If you hover the link you will see that its pointing to https://www-mustakbil-com.webpkgcache.com/doc/-/s/www.mustakbil.com/ But if you click this link it will open https://www.mustakbil.com/jobs/pakistan/ahmadpur-east

banaag commented 1 year ago

Checking our internal systems, I see this error:

ingestion_error : VALIDATION_ERROR
ingestion_error_message : "SXG validation failure: Certificate is not valid; bad OCSP status: 2; details: 6; cert trust"

This means there was an error validating the certificate that was issued because the OCSP server that performs that validation is either down or giving an error.

naveedahmed1 commented 1 year ago

Ok, thank you for the prompt response and sharing this update. I have yet to hear back from Cloudflare team on this issue.

It seems that the issue is with their infrastructure which provides SXGs. certificates and verifications.

naveedahmed1 commented 1 year ago

I have one question if there's a certificate verification error, then how is it working for some other urls e.g.

If you open google.com and then enter https://www.mustakbil.com/jobs/pakistan/lahore and review first url, you will notice that its pointing to the correct sxg url (https://www-mustakbil-com.webpkgcache.com/doc/-/s/www.mustakbil.com/jobs/pakistan/lahore) and clicking that link opens the correct page i.e. https://www.mustakbil.com/jobs/pakistan/lahore.

banaag commented 1 year ago

It's possible that when the page with the error was being ingested into the system, the cert verification ran into the OCSP server issue, hence the cert could not be verified at that time.

naveedahmed1 commented 1 year ago

Thank you @banaag!

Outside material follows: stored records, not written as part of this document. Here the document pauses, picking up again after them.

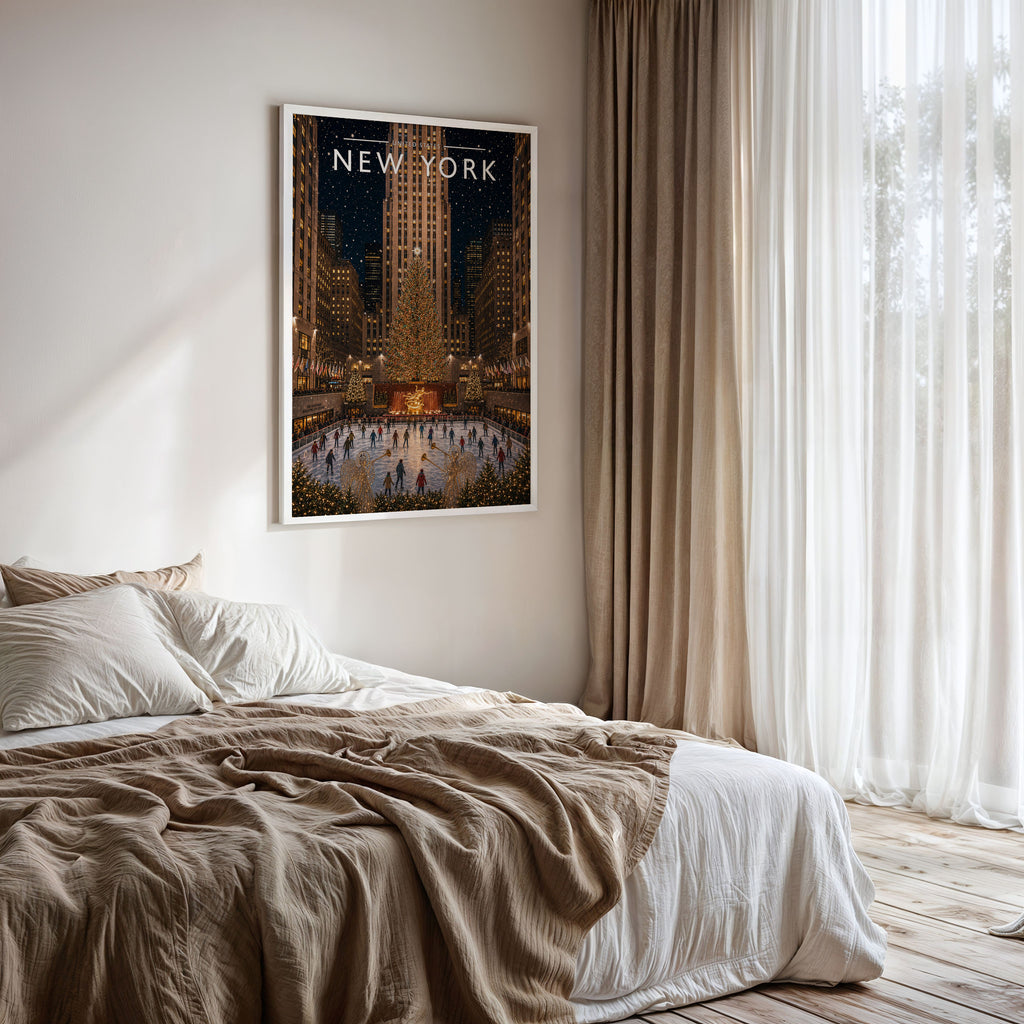 New York #6 Travel Poster framed on a bedroom wall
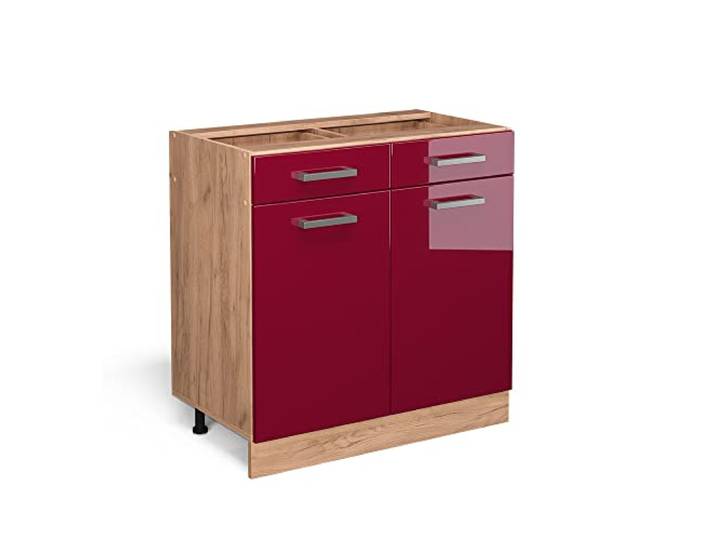 Vicco Küchenunterschrank R-Line , Rot Hochglanz, 80 cm 2 Schubladen · Ohne Arbeitsplatte · Höhenverst. Füße · 2 Türen · Leichter Zugriff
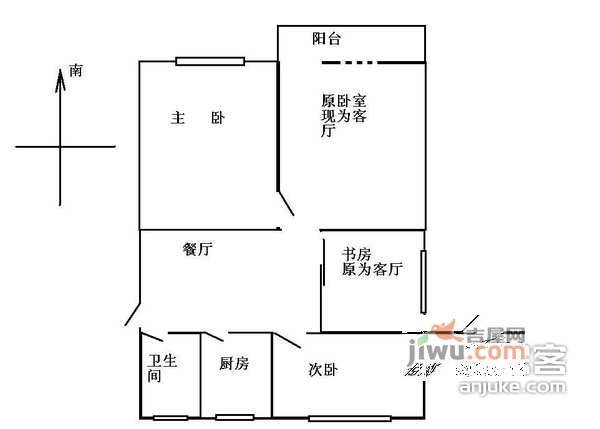 环西社区3室1厅1卫户型图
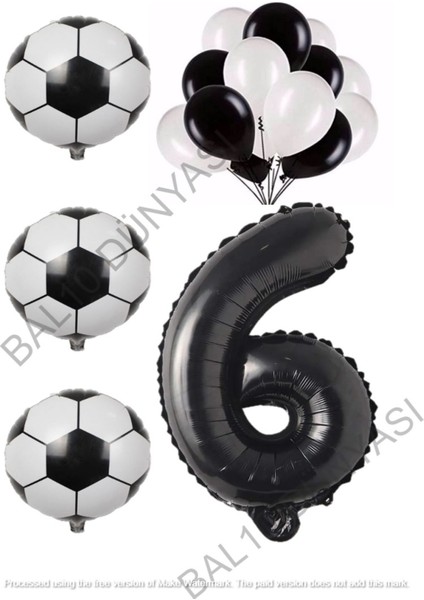 Siyah Beyaz Futbol Topu Folyo ve Latex Balon Rakam Seti Yaş 6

Just to understand it better, page with the error are you referring to the certificate verification error? or error on the page?

If you are referring to the certificate verification error, the same certificate would be used for all requests to the same site, correct?

If so, how is it possible that all other pages of the site are being served correctly with SXG and only the homepage is having issue.

The search result for Mustakbil is now pointing to a new url, I mean on markup of the SERP its correct but when clicked, its now taking to a a new but wrong page and this time its pointing to https://www.mustakbil.com/companies/pakistan/restaurants.

The other pages of the site are being served properly with SXG, for example https://www.mustakbil.com/jobs/pakistan/lahore is still working just fine and was last cache on 18 Apr 2023 10:51:34 GMT.

Whereas, the homepage was cached on 18 Apr 2023 12:44:01 GMT.

I have also verified the canonical url on the cached page, its also correct and pointing to <link rel="canonical" href="https://www.mustakbil.com/">.

banaag commented 1 year ago

Yes, the same cert is being used for all the requests. However, when the page is ingested, the entity doing the verification (the OCSP server), marked the cert as in error (I don't know why, but the server could be down during that time). So while the other pages may have passed, the main page failed this verification for some reason.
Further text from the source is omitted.